**TASK TO CARRY OUT:**
What's needed is an exact copy of the lines from the one that contains "ラブライブ サンシャイン ちびぐるみ Thank you FRIENDS モーリー" to the end of the data below, leaving the pictures out.

Image-text web data:
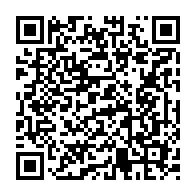 qrcode:https://www.college-penanroz-pont-aven.ac-rennes.fr/838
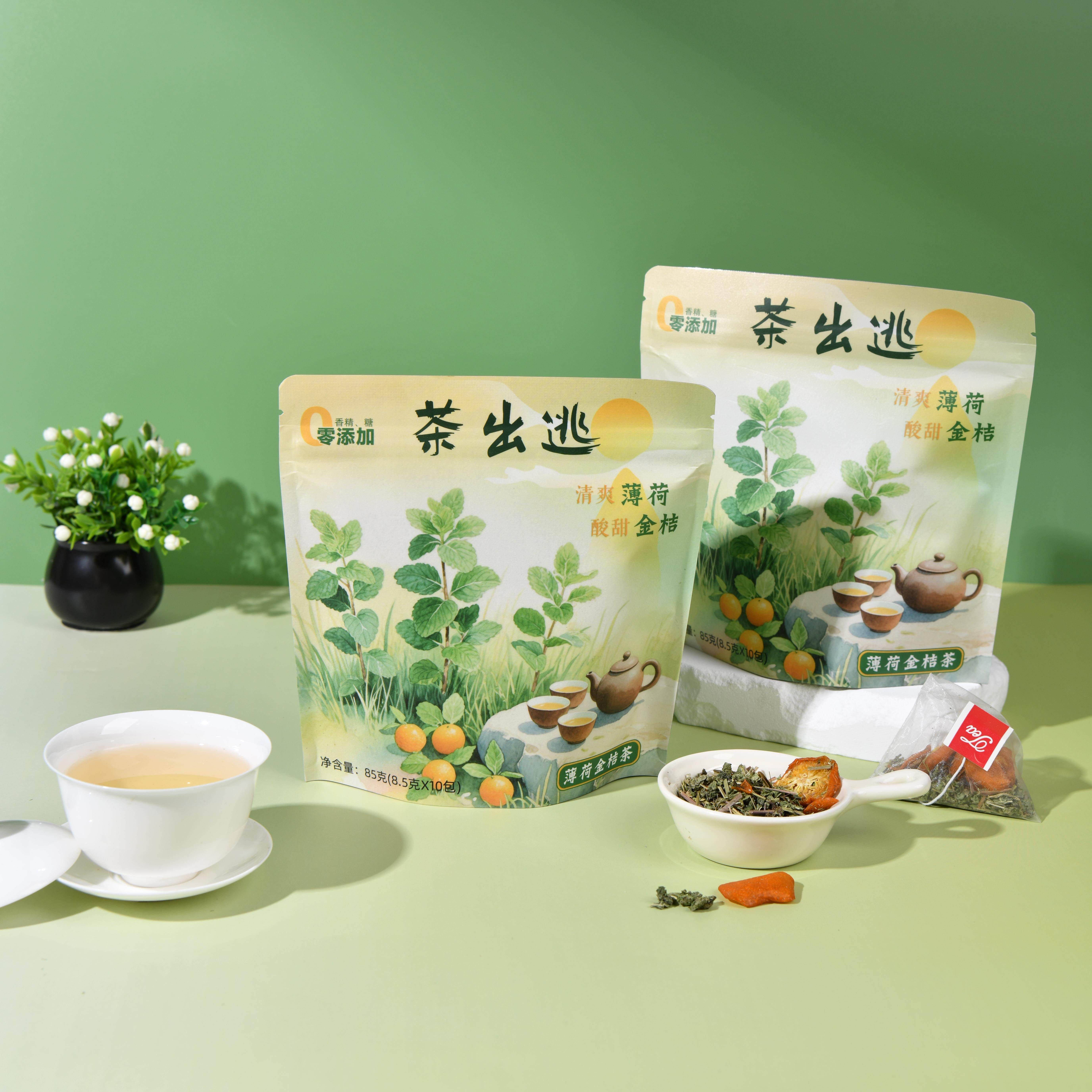 【冰爽一整天】薄荷金桔香茅茶,草本0香精,清爽上班学习冷泡茶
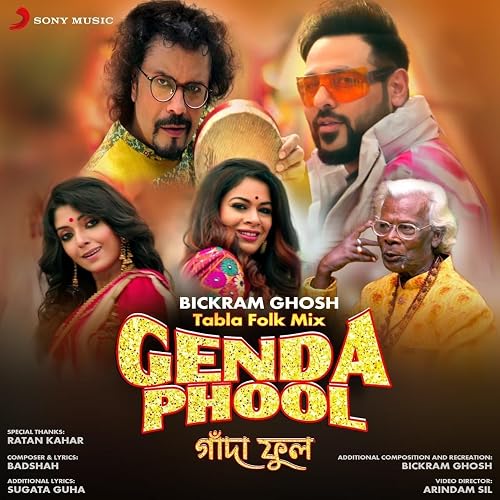 Genda Phool Tabla Folk Mix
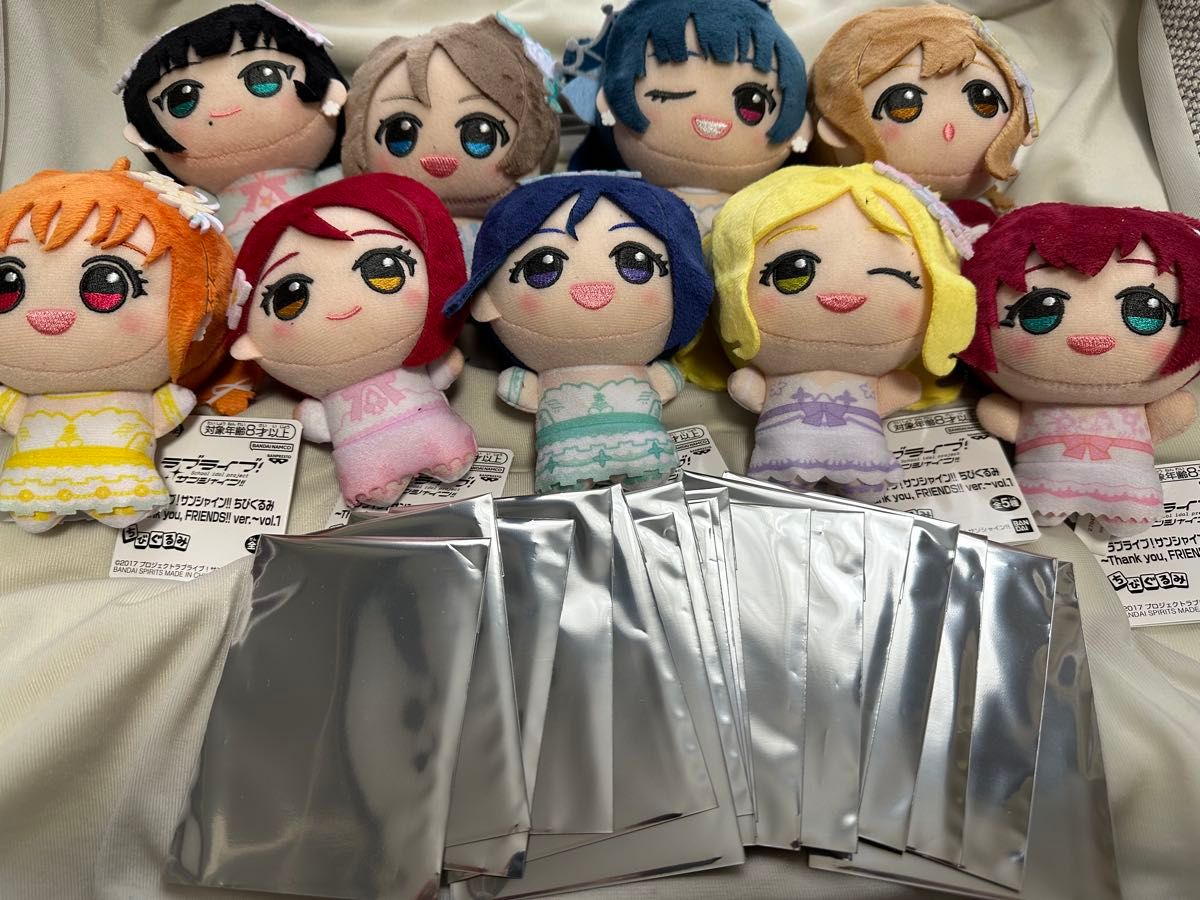 ラブライブ サンシャイン ちびぐるみ Thank you FRIENDS モーリー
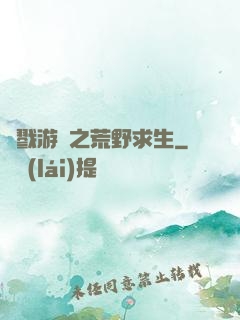 殺戮游戲之荒野求生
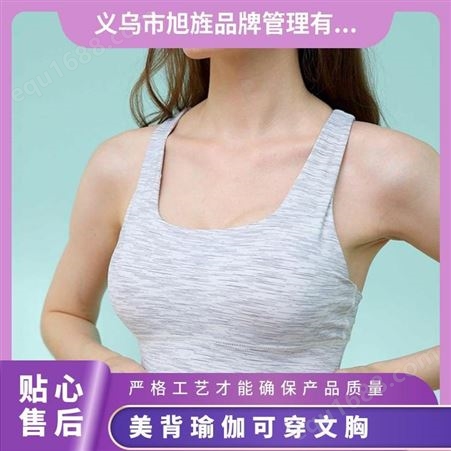 2023运动健身小姐姐时尚穿搭透气凸显身材美背文胸LULU同款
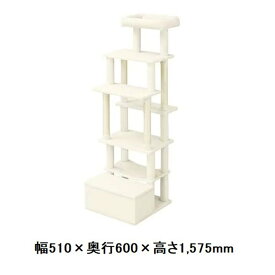 アイリスオーヤマ 収納付きファブリックキャットタワー ホワイト [ペット用品 猫用 据え置きタイプ 爪とぎ 遊ぶ かわいい お客様組立品] SFC-157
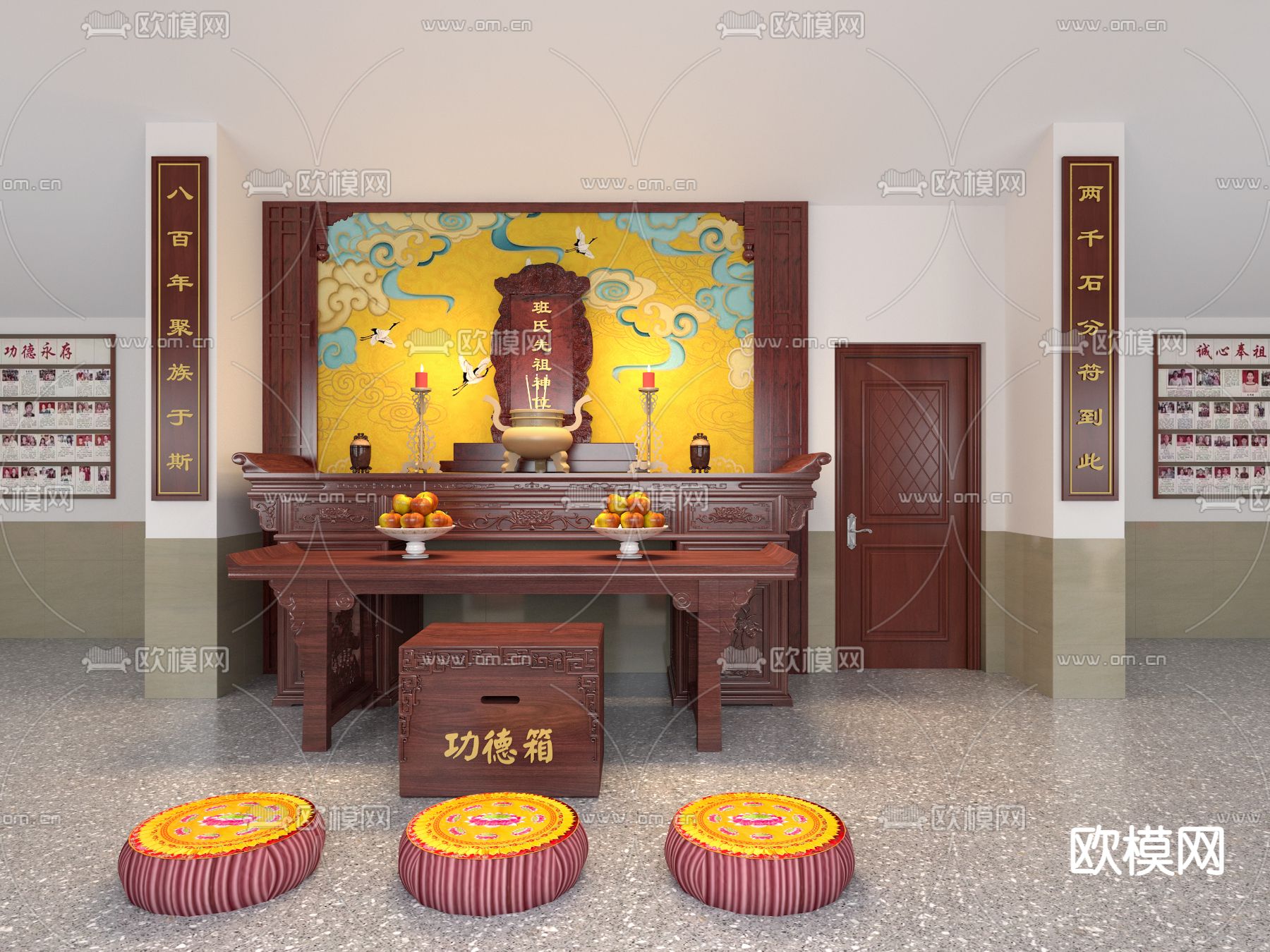 中式祖宗祠堂3d模型下载（渲染图2）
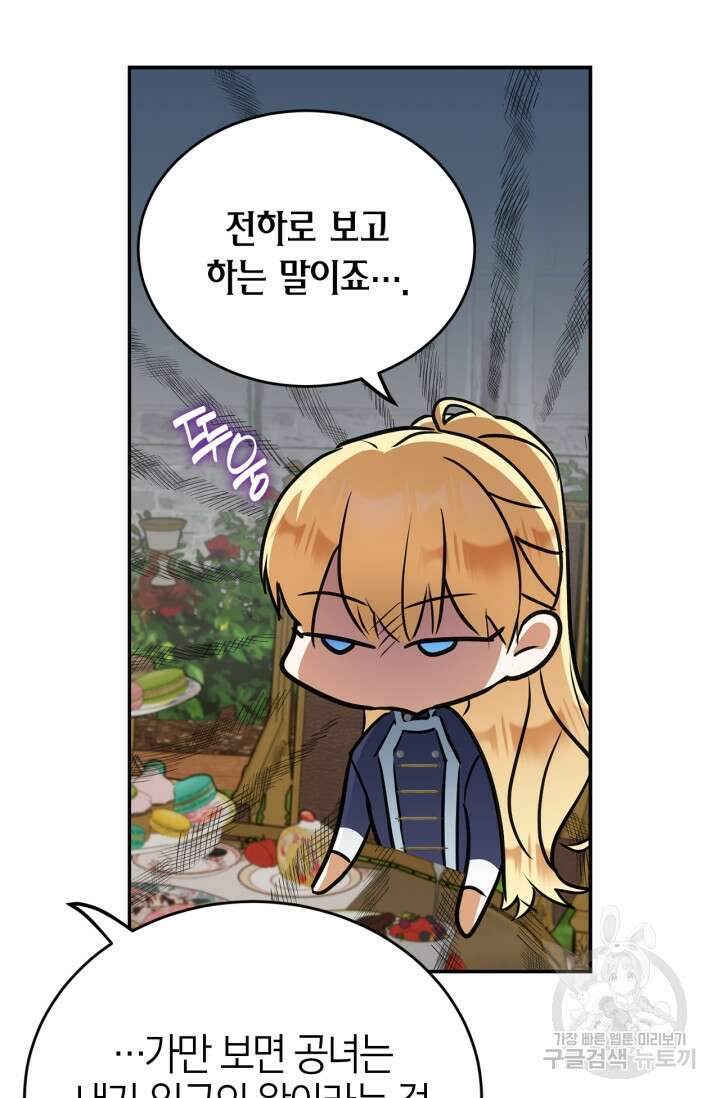 남주가 여주를 바꾸려고 합니다 11화 12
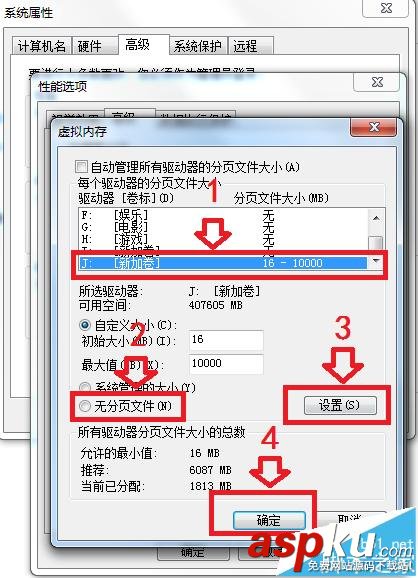 电脑硬盘,修改盘符提示参数错误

**THE ANSWER:**
 ラブライブ サンシャイン ちびぐるみ Thank you FRIENDS モーリー
 殺戮游戲之荒野求生
 2023运动健身小姐姐时尚穿搭透气凸显身材美背文胸LULU同款
 アイリスオーヤマ 収納付きファブリックキャットタワー ホワイト [ペット用品 猫用 据え置きタイプ 爪とぎ 遊ぶ かわいい お客様組立品] SFC-157
 中式祖宗祠堂3d模型下载（渲染图2）
 남주가 여주를 바꾸려고 합니다 11화 12
 电脑硬盘,修改盘符提示参数错误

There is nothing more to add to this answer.